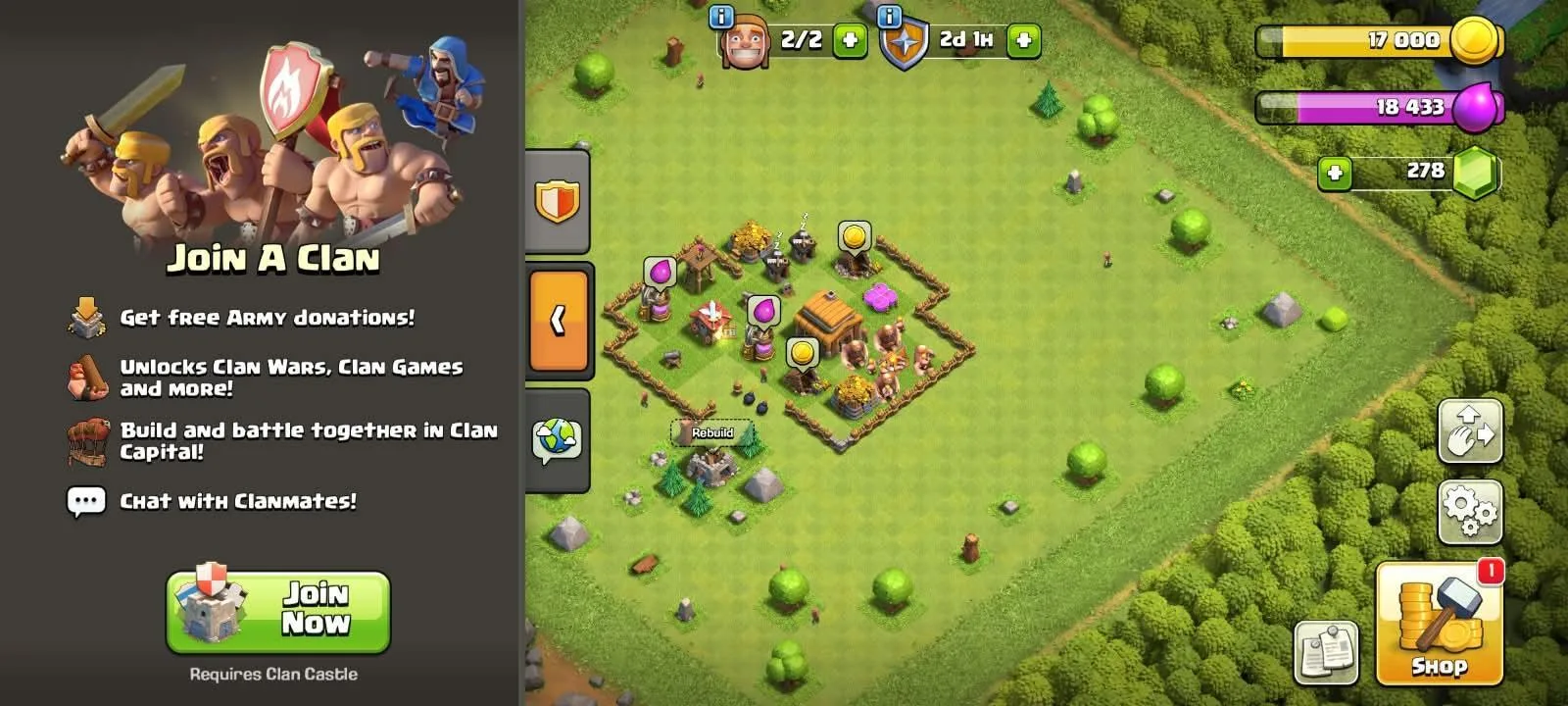 The Join A Clan prompt in Clash of Clans, listing free army donations, Clan Wars and Clan Capital as perks over the village
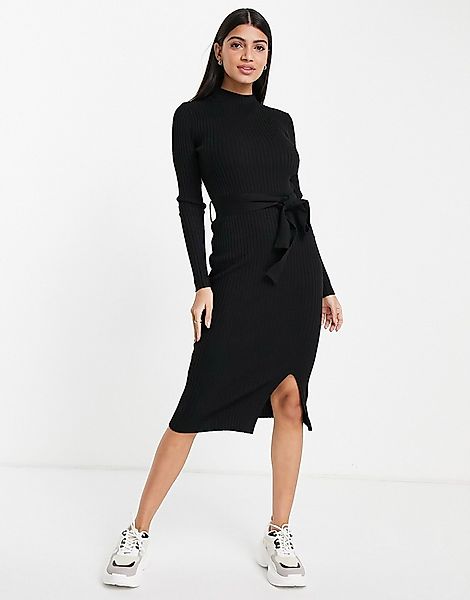 New Look – Strickkleid mit geschnürter Taille in Schwarz günstig online kaufen
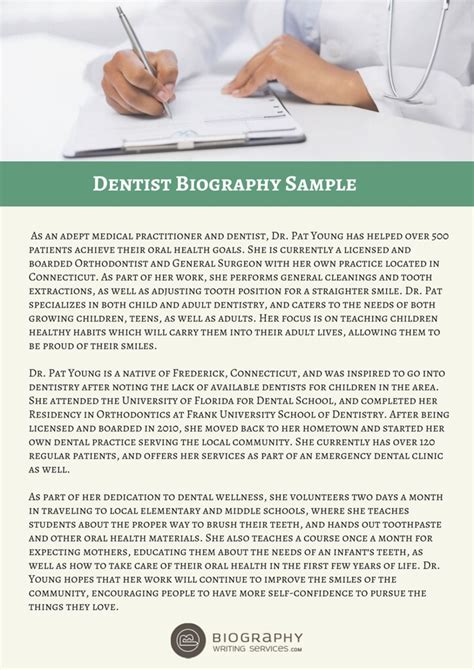 Sample Dentist Biography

> What the exercise asks
A faithful, picture-free copy of the material is what this task asks for.

> Task response
 The Join A Clan prompt in Clash of Clans, listing free army donations, Clan Wars and Clan Capital as perks over the village
 New Look – Strickkleid mit geschnürter Taille in Schwarz günstig online kaufen
 Sample Dentist Biography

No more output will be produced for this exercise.